Datalayer

Warning This file is maintained at Conduction’s Google Drive Please make any suggestions of alterations there.

The data layer in the Common Gateway project is an innovative feature designed to act as a cross between an index (akin to Elasticsearch) and a data lake. It normalizes data from diverse sources and enables sophisticated searching through various query languages. Its purpose is to simplify cross-source questioning across databases, APIs, and files such as Excel spreadsheets.

Data Normalization

Our data layer accomplishes this functionality by using schemas as Entity-Attribute-Value (EAV) objects, and normalizing data from different sources within these structures. The advantage of this method is that it provides a uniform view of data regardless of its original source or format, making it easier to search and analyze.

Source of Truth

Despite its powerful capabilities, it's essential to understand that the data layer is not a source of truth. Instead, it serves as a facilitator, helping us search through the underlying sources. It accomplishes this through a mechanism called "smart caching."

Smart Caching

Smart caching works by taking a subscription notification from the source (thereby instantly updating the cache if the source changes) or regularly checking the source. This design ensures that the data layer always provides the most current data available, optimizing accuracy and performance.

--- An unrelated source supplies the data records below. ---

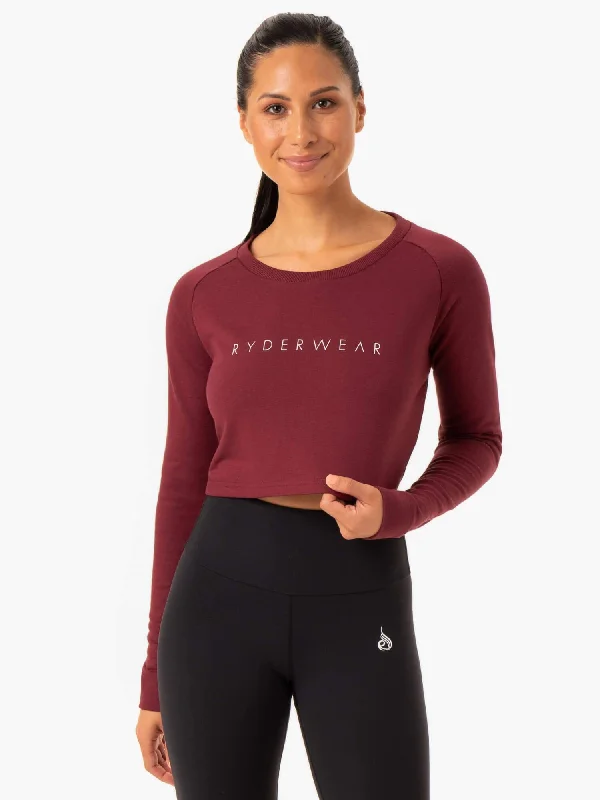 Staples Cropped Sweater - Burgundy Modern Contemporary Chic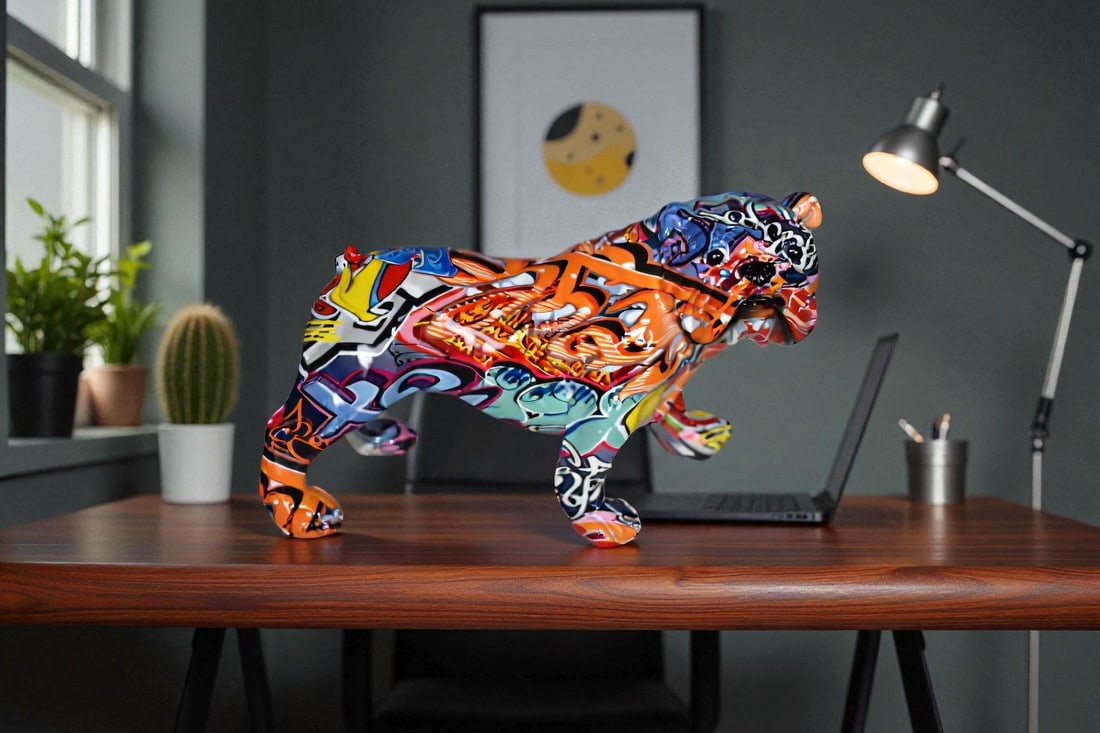 Modern Happy Graffiti Resin Bulldog Statue Looking to the Right 10" x 5" x 7"H - 3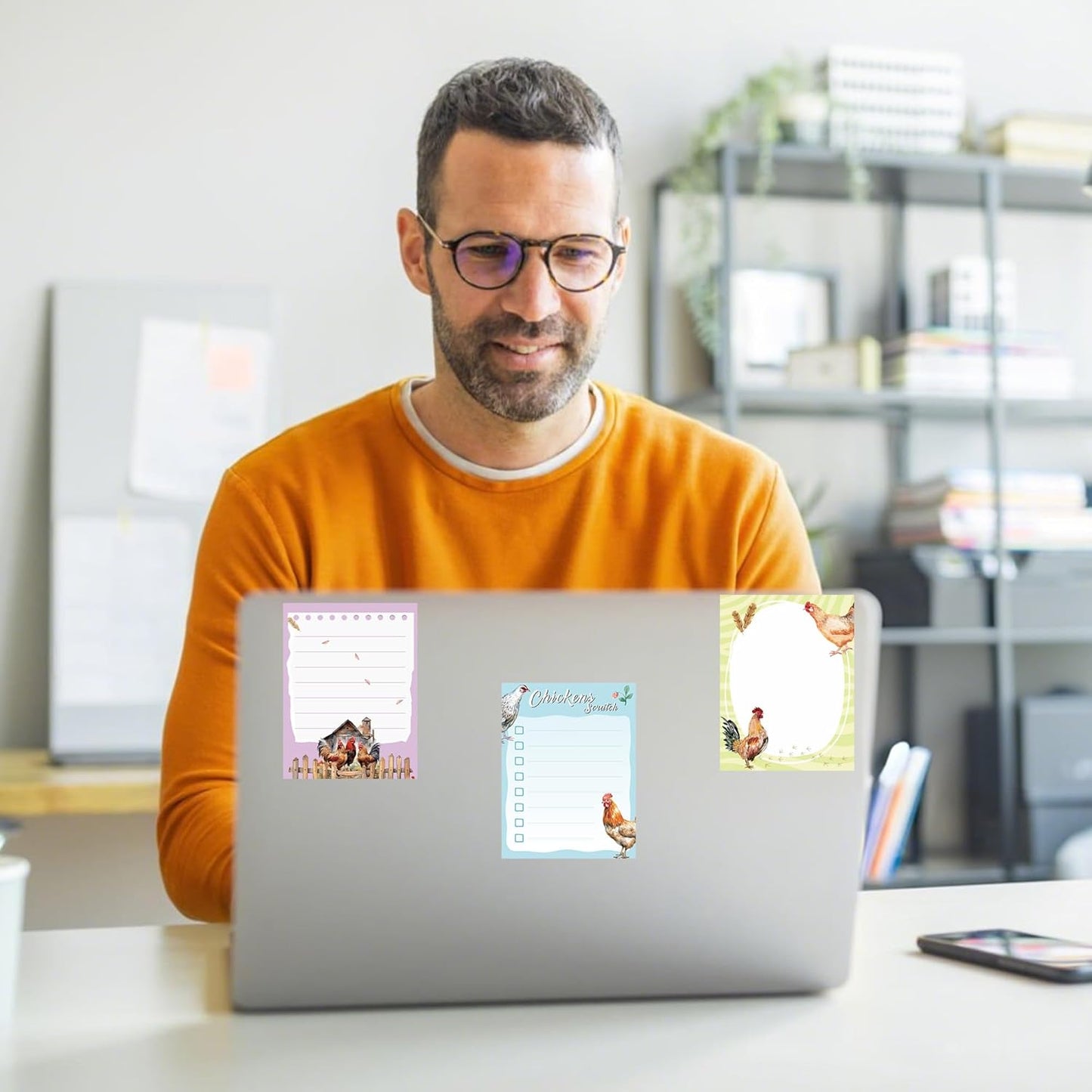 9 Pack Funny Chicken Sticky Notes Set, 450 Sheets Farm-Themed Self-Stick Notepads with Cute Hen and Rooster Designs, Country Gifts for Women Chicken Lovers or Office Use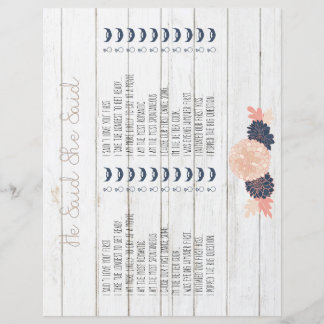 He Said She Said Blush Navy Bridal Shower Game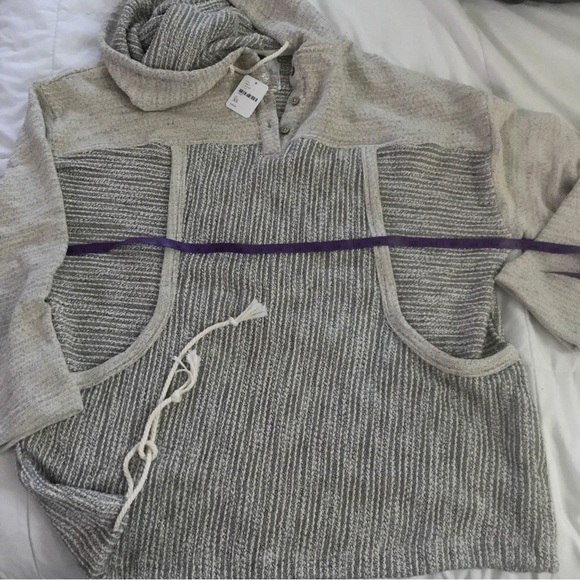 NWT Free People FP Beach Baja Babe Very Oversized Hooded Pullover in Ivory-Rare - Picture 5 of 9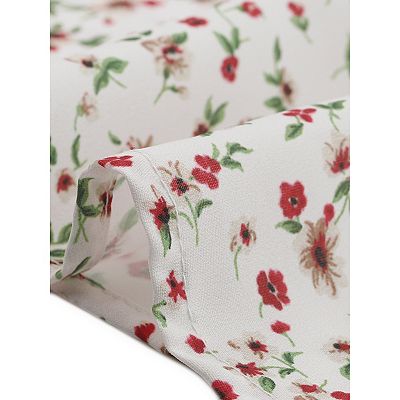 Women's Floral Tops Bow Tie Neck Vintage 3/4 Sleeve Blouse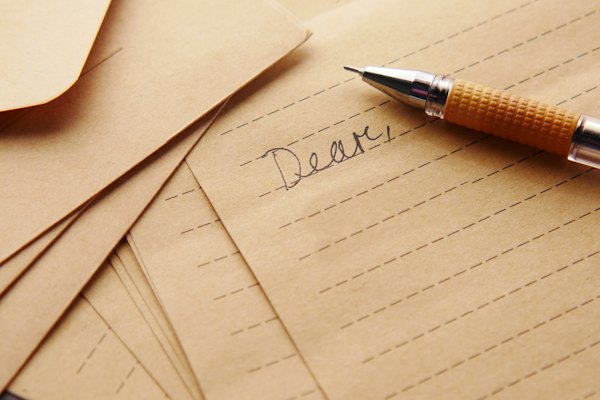A handwritten letter and envelopes with a pen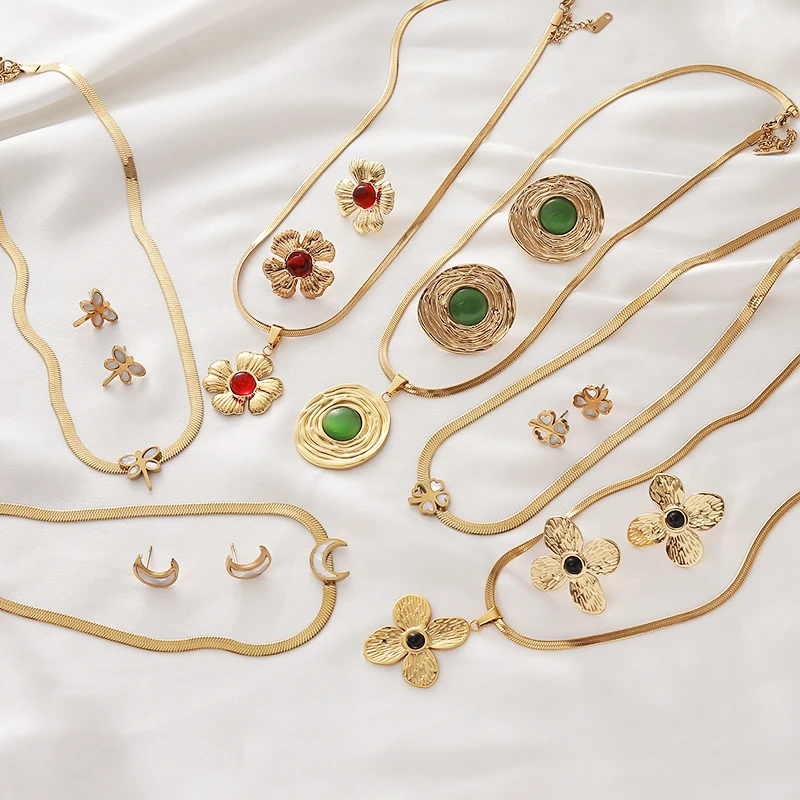 Lucky Four Leaf Clover Flowers Necklace Earrings Jewelry Set for Lady Fashion Stainless Steel Pendant Romantic Neck Chain Gifts
Lucky Four Leaf Clover Flowers Necklace Earrings Jewelry Set for Lady Fashion Stainless Steel Pendant Romantic Neck Chain Gifts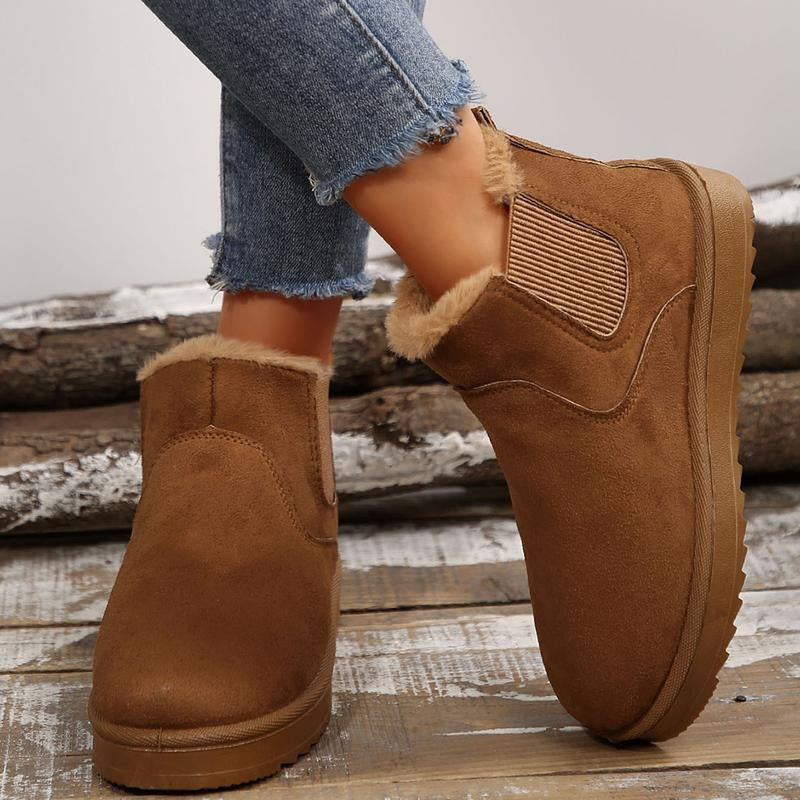 Women'S Boots Stylish Comfortable Faux Leather Suede Flat Slip-On Snow Boots for Warmth and Fashion - Short Design Shoes for Indoor and Outdoor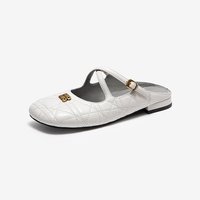 米奥（鞋） 米奥女鞋2026夏季新款菱格交叉绊带miu系单鞋包头拖鞋时装凉鞋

There is also the option to bypass the cache entirely and query the source directly in an asynchronous manner. However, this approach can result in a performance penalty due to the lack of caching.

Extending Data Models

The data layer is not just about data normalization and searching. It also allows us to attach extra properties to objects that don't originally have them, effectively extending data models. This feature enables greater flexibility and versatility in how we use and analyze our data.

Overall, the Common Gateway data layer is a crucial component of our architecture, enabling seamless integration and querying across various data sources, while ensuring up-to-date information and the flexibility to extend data models as needed.